#### [WHAT YOU SHOULD DO]
In the entries below, begin at the line that has "MotoCare crash guard" and stop after the line that has "HEADLIGHTS LED PROJECTOR BLACK"; output those lines exactly, leaving out pictures.

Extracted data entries
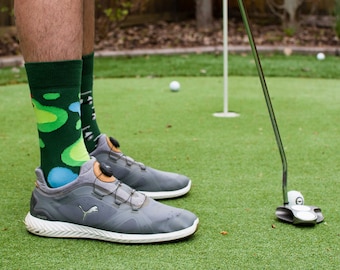 Golf Socks | Friday Sock Co Mismatched Socks | Golf Gift for Him | Boyfriend Christmas Gifts | Man Sock | Dad Socks | Cool Socks | Golf Gift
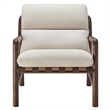Pemberly Row Modern / Contemporary Chair in Dune Fabric Walnut
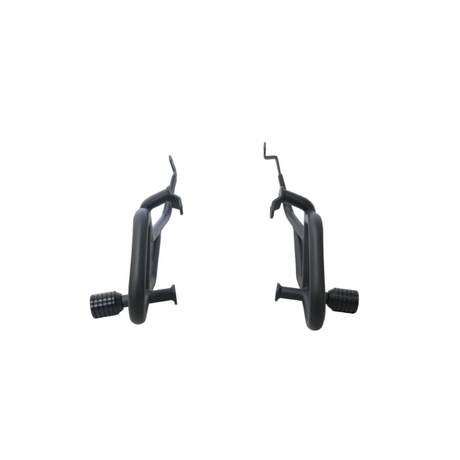MotoCare crash guard with dual sliders installed on Hero Mavrick 440 motorcycle providing engine protection and rugged styling
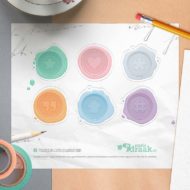 Vel met 6 stickers 'Waanzinnige wax'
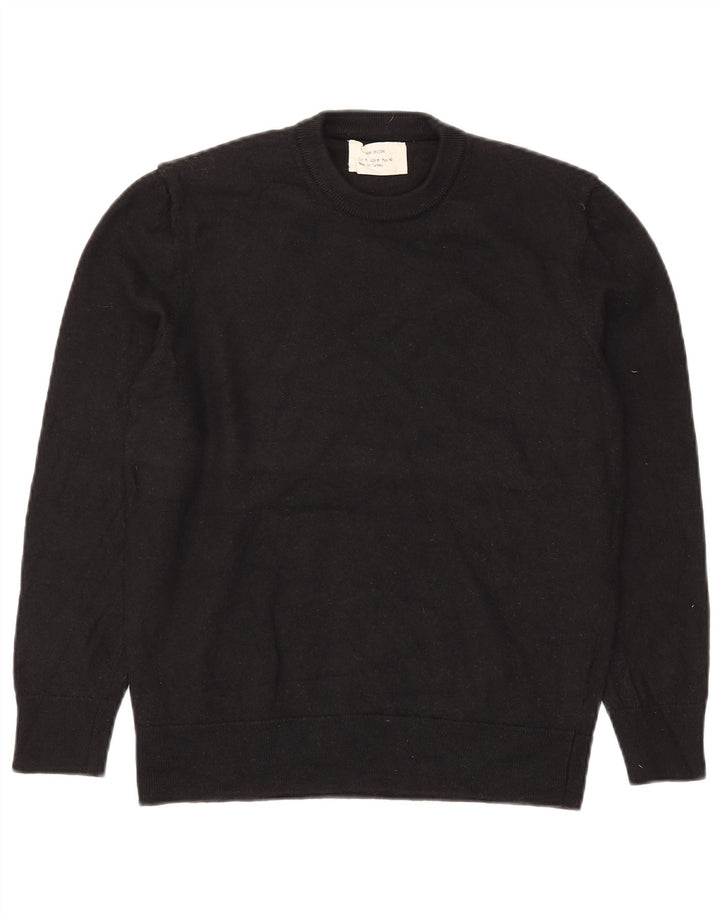 Zara Pull à col rond en laine noir moyen pour homme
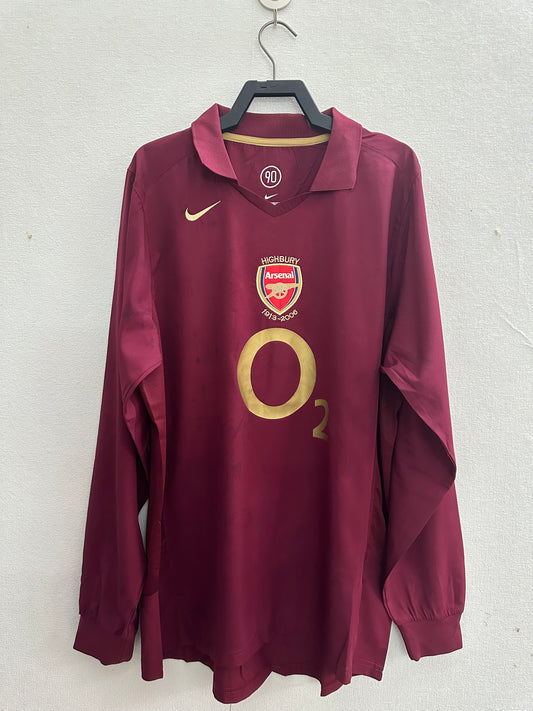 2005-06 Arsenal Home Shirt - Long Sleeve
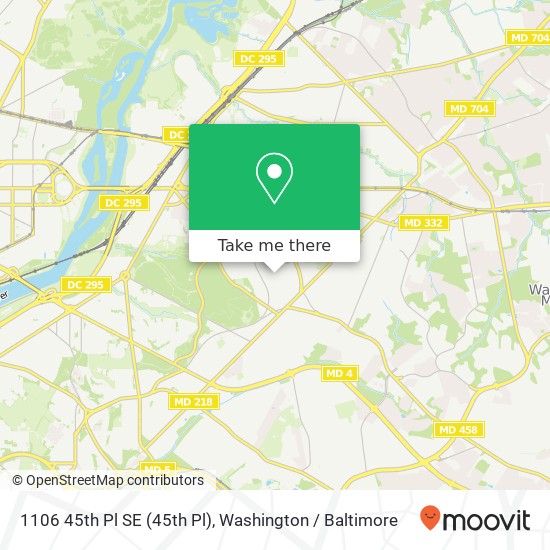 1106 45th Pl SE (45th Pl), Washington, DC 20019 map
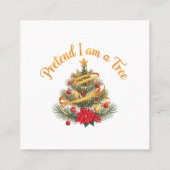 Doen alsof ik een Tree Funny Halloween kostuum Shi Vierkante Visitekaartje (Achterkant)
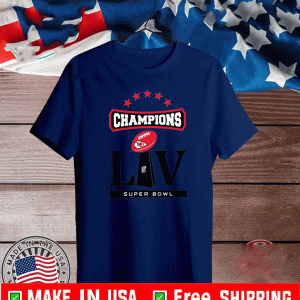 Kansas City Chiefs Kingdom Super Bowl LV 2021 Champions Football T-Shirt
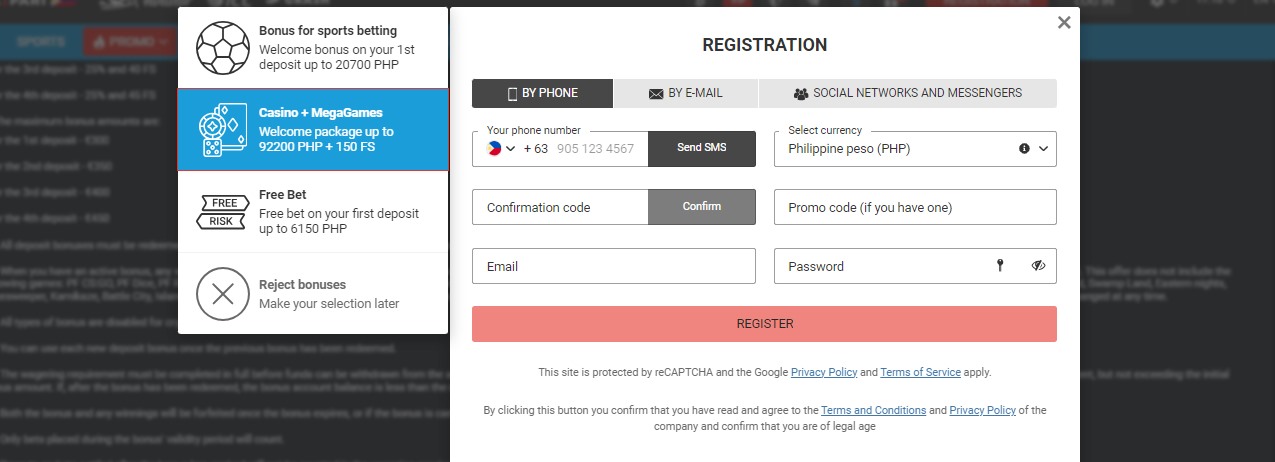 Megapari Casino Registration Philippines, allbets.tv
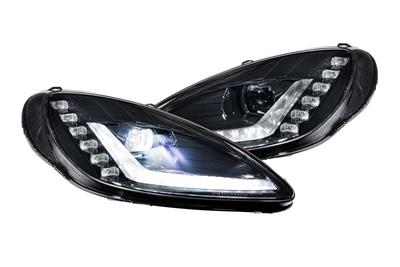 HEADLIGHTS LED PROJECTOR BLACK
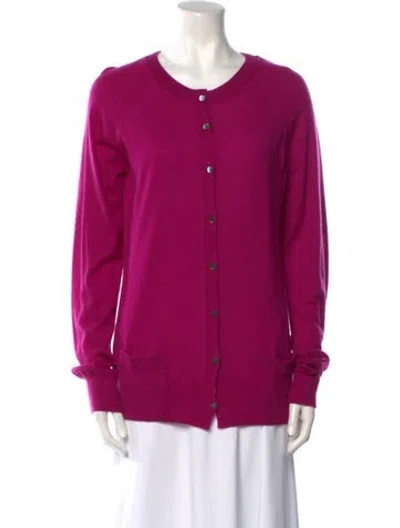 Pre-owned Dolce & Gabbana Silk Crew Neck Sweater In Purple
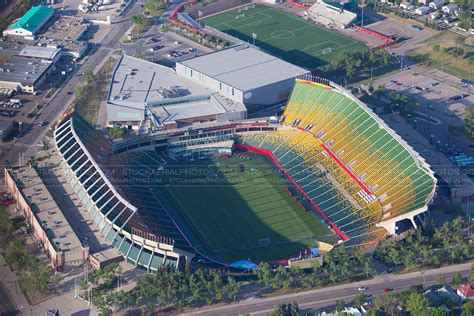 Aerial Photo Commonwealth Stadium Edmonton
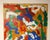 Original mixed media painting, acrylic and collage on canvas board, in the figurative Neo-Expressionist tradition...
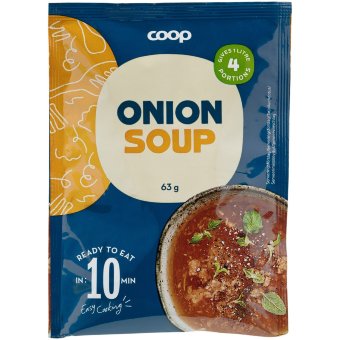 Суп луковый быстрого приготовления Coop 63 г Суп луковый быстрого приготовления Coop 63 г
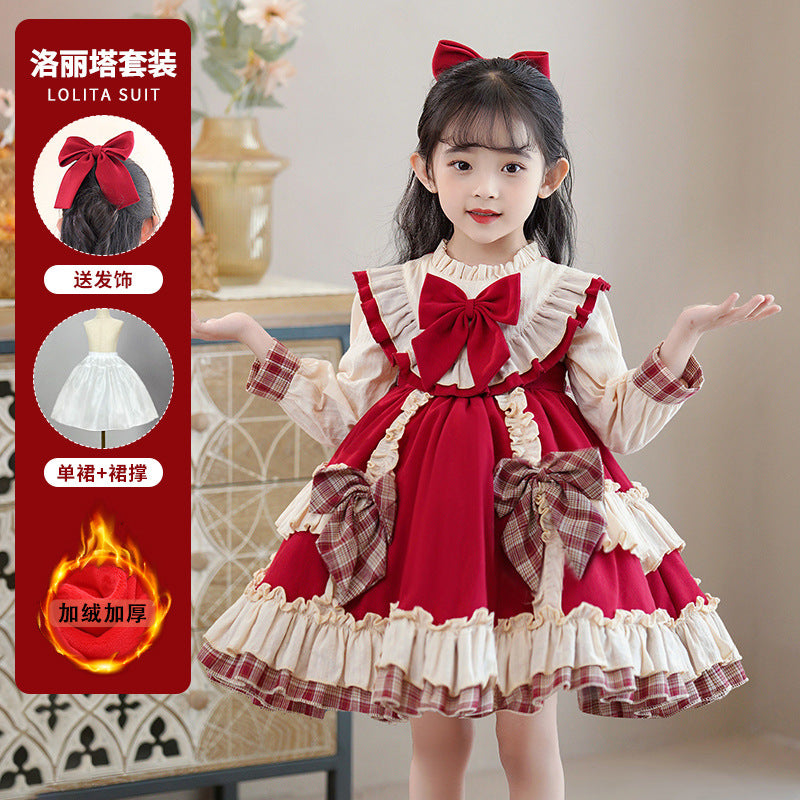 Lolita summer girls' princess dress, new  lolita style children's dress, lolita baby dress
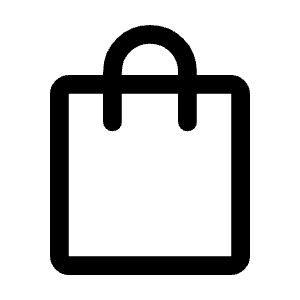 Shopping Bag Icon from Outlined Line - Material Symbols Set
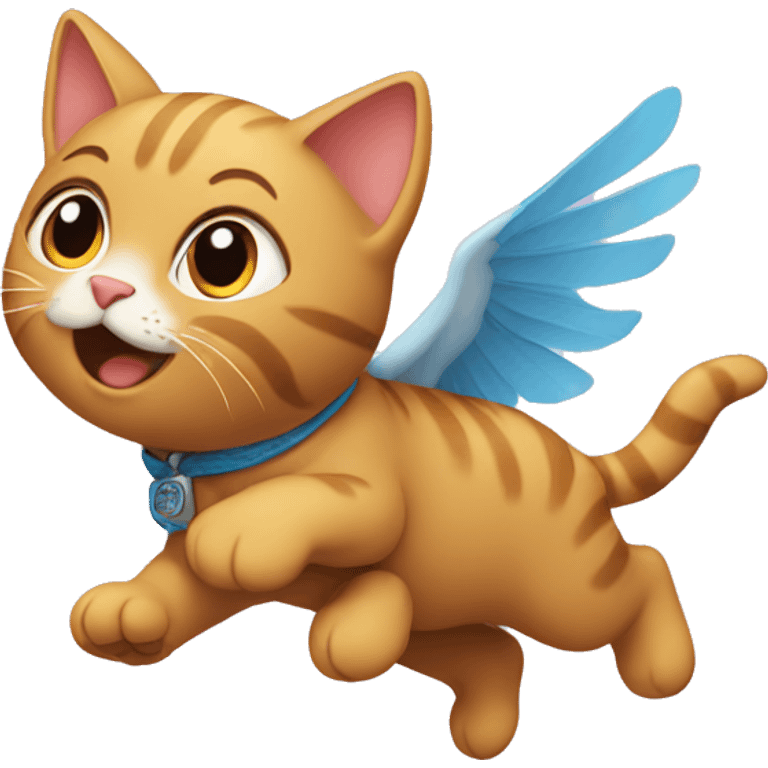 Cat flying emoji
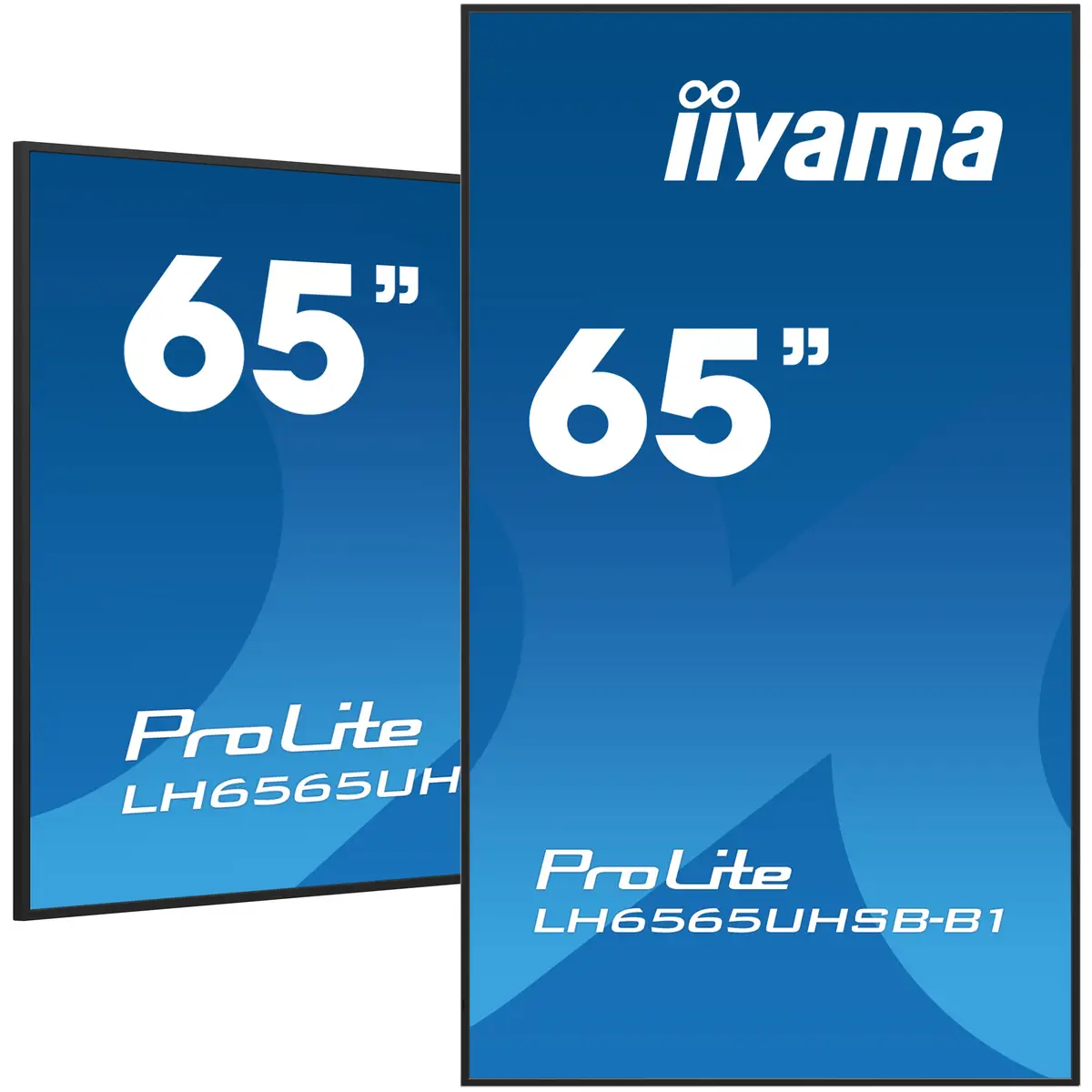 ProLite LH6575UHS-B1AG 164 cm 64,5" LCD-Display mit LED-Hintergrundbeleuchtung Digital Signage mit integrierter Media Player SDM Slot PC 4K UHD (2160p) 3840x2160 16:9 1200:1 500 cd/m² 8 ms schwarze Blend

#### [ANSWER BELOW]
MotoCare crash guard with dual sliders installed on Hero Mavrick 440 motorcycle providing engine protection and rugged styling
 Vel met 6 stickers 'Waanzinnige wax'
 Zara Pull à col rond en laine noir moyen pour homme
 2005-06 Arsenal Home Shirt - Long Sleeve
 1106 45th Pl SE (45th Pl), Washington, DC 20019 map
 Doen alsof ik een Tree Funny Halloween kostuum Shi Vierkante Visitekaartje (Achterkant)
 Kansas City Chiefs Kingdom Super Bowl LV 2021 Champions Football T-Shirt
 Megapari Casino Registration Philippines, allbets.tv
 HEADLIGHTS LED PROJECTOR BLACK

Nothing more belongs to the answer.